Como muitos moradores de Campos dos Goytacazes, uma cidade próspera do norte do estado do Rio de Janeiro, que recebe royalties do petróleo, o seu avô construiu na vizinha Atafona a casa se veraneio: um refúgio amplo com jardim.
"É uma pena a gente perder uma casa tão boa. As lembranças da minha família inteira, meus pais, irmãs, sobrinhos, primos, netos. A família toda vinha pra cá", lamenta Waked Peixoto. Mas será inevitável.
Erosão extrema e crónica
A erosão extrema, que coloca Atafona entre os 4% do litoral mundial onde o mar avança mais de cinco metros por ano, intensificou-se agora com as mudanças climáticas, com o "aumento do nível do mar" a longo prazo e "a curto e médio prazo, com as tempestades excecionais e os períodos prolongados de chuvas e secas", explica o geólogo Eduardo Bulhões, da Universidade Federal Fluminense.
Mas a antiga aldeia de pescadores sofre com um "problema crónico" há décadas.
"O uso que foi feito pelo homem ao longo dos últimos 40 anos no rio Paraíba do Sul [um dos principais do sudeste do Brasil] reduziu drasticamente o volume das suas águas e a capacidade da água transportar areias para a foz do rio" em Atafona, explica Bulhões, enumerando atividades como a mineração e os desvios para a agricultura.
Com esse défice de sedimentos, a praia não se reabastece naturalmente e vai recuando diante do avanço do mar. A isso soma-se a construção de casas no litoral, eliminando a primeira linha de defesa natural: as dunas de areia e a vegetação.
Sem essa proteção, o mar foi corroendo a superfície, deixando um cemitério submerso de escombros e estruturas que tornou perigoso qualquer mergulho e afugentou os turistas.
A redução do escoamento do rio também afetou os pescadores.

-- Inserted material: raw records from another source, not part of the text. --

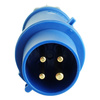 Wtyczka CEE 32A 4p 9h 230V IP44 typ 163  MENNEKES 8896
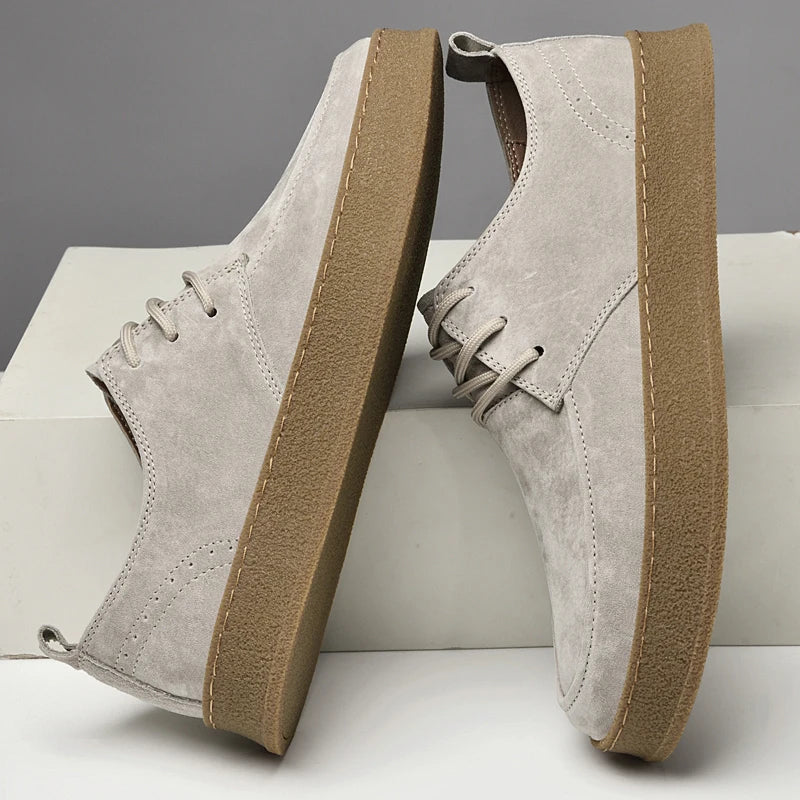Aliams | Hochwertige Wildleder Sneakers für Männer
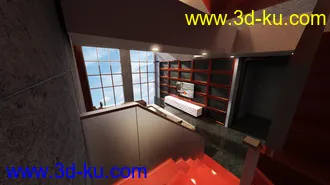 3D打印模型Tesla Living Room 2的图片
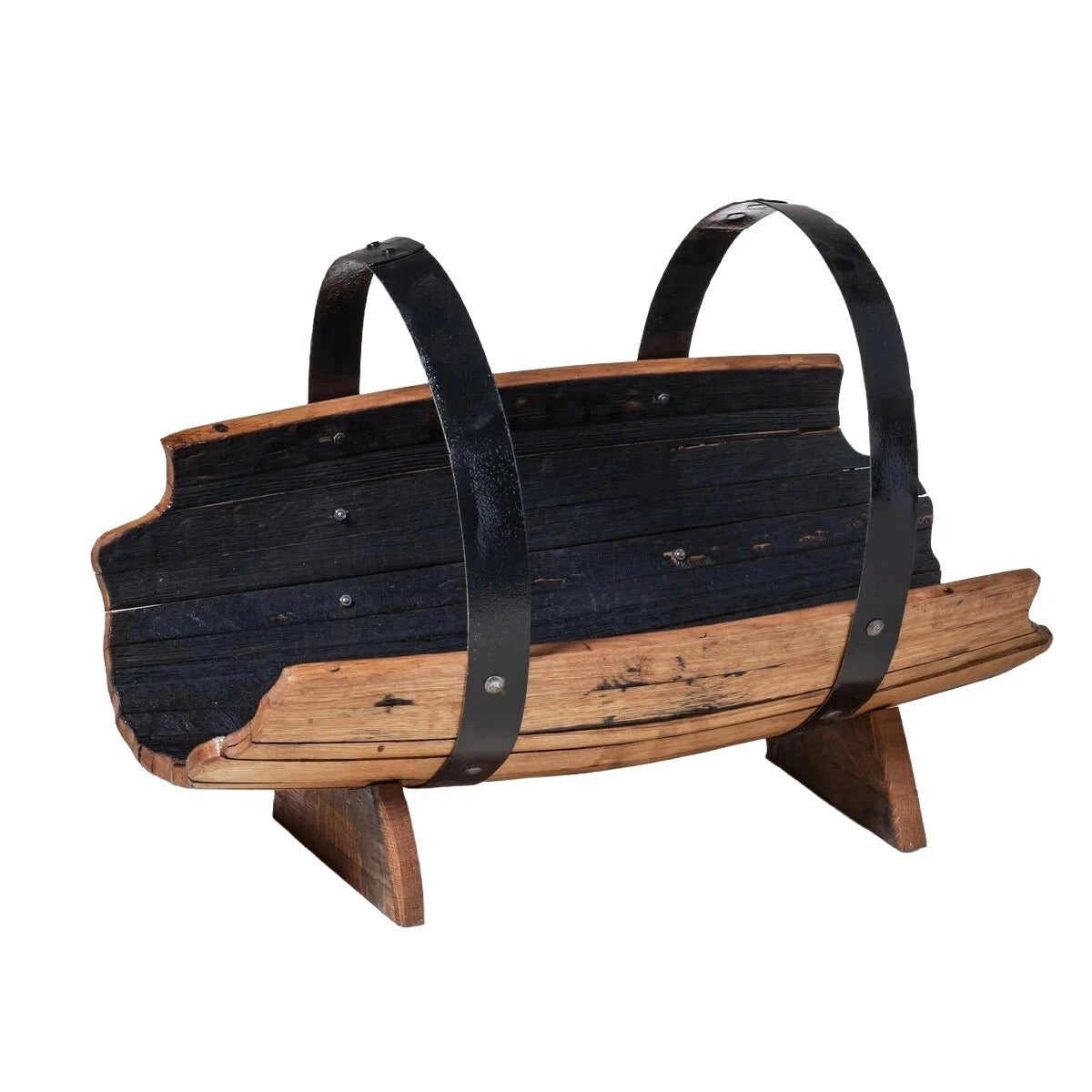 PRE ORDER Houthouder Dubbele Ring – Oude Whiskyvaten– Darach Scotland by Mood Company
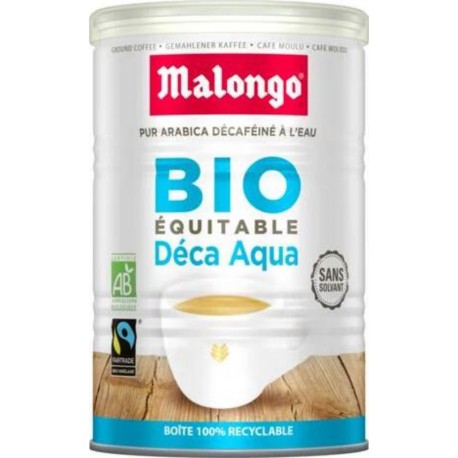 MALONGO Café moulu bio décaféiné 250g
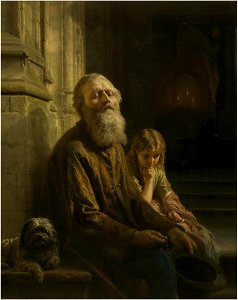 Jozef Laurent Dyckmans - The Blind Beggar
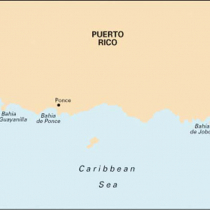 Imray Punta Figuras to Bahia De Guanica Chart
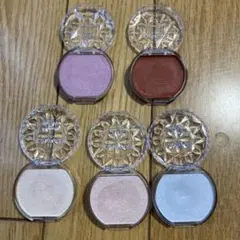 CANMAKE クリームチークとむにゅっとハイライト５点セット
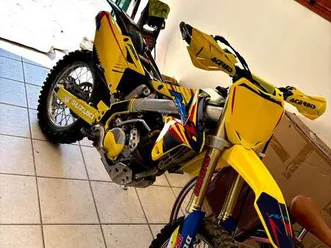suzuki rmz 250 cros giallo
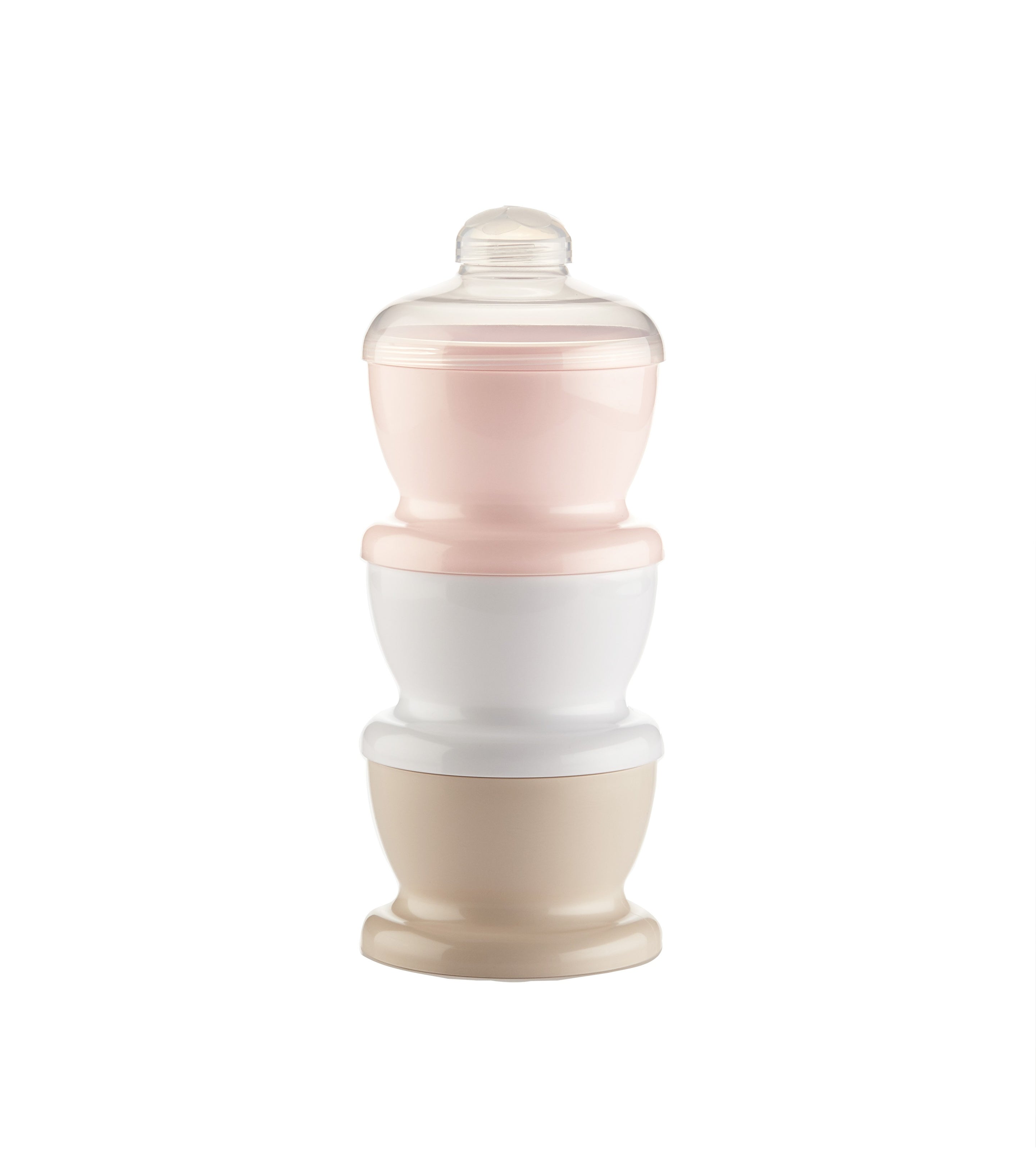 Thermobaby set 3 melkpoederdozen Roze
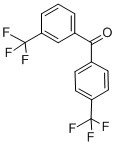 CAS#: 21084-22-0, [3-(Trifluoromethyl)Phenyl][4-(Trifluoromethyl)Phenyl]-Methanone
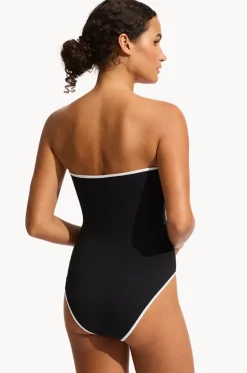Beach Bound DD Cup Bandeau One Piece|Seafolly Best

"Barco grande não entra mais aqui (...) A economia vai para outro lugar", diz à AFP Elialdo Bastos Meirelles, presidente da comunidade de pescadores Z-2, com cerca de 600 membros. "Hoje o rio está morto", assegura.
Ir embora ou esperar
Ao menos três propostas foram apresentadas à Prefeitura (câmara municipal) para conter a erosão, que incluem a construção de quebra-mares para diminuir a força do mar e a recuperação artificial da praia, transportando areia do fundo do delta do rio.
Esta última, feita por Bulhões, inspira-se em modelos de países como Holanda, Espanha e Estados Unidos, e propõe "construir junto com a natureza, usando a sua força para recompor o sistema da praia".
Mas por enquanto, nada saiu do papel.
A Prefeitura de São João da Barra, à qual pertence Atafona, paga uma renda social de 1.200 reais para mais de 40 famílias desalojadas.
Mas afirma que qualquer plano depende da aprovação de órgãos ambientais e que "até agora" não houve nenhum projeto que traga uma solução definitiva, disse à AFP o Subsecretário de Meio Ambiente do município, Alex Ramos.
Outros sustentam que falta vontade política. "Ouvimos promessas (...) Mas é uma cidade abandonada, um apocalipse, dá vontade de chorar", desabafa Verônica Vieira, presidente da associação de moradores SOS Atafona.
Entre os que ainda têm esperanças está a reformada Sónia Ferreira, de 77 anos, dona de uma imponente casa de dois andares, que precisou abandonar quando a água começou a destruir o muro dos fundos, em 2019.
Viúva, ela mudou-se para um apartamento minúsculo que construiu no seu próprio terreno, à espera de uma solução. Quando chegar, "vou pintar a casa de novo e vou voltar a morar aqui", sentencia.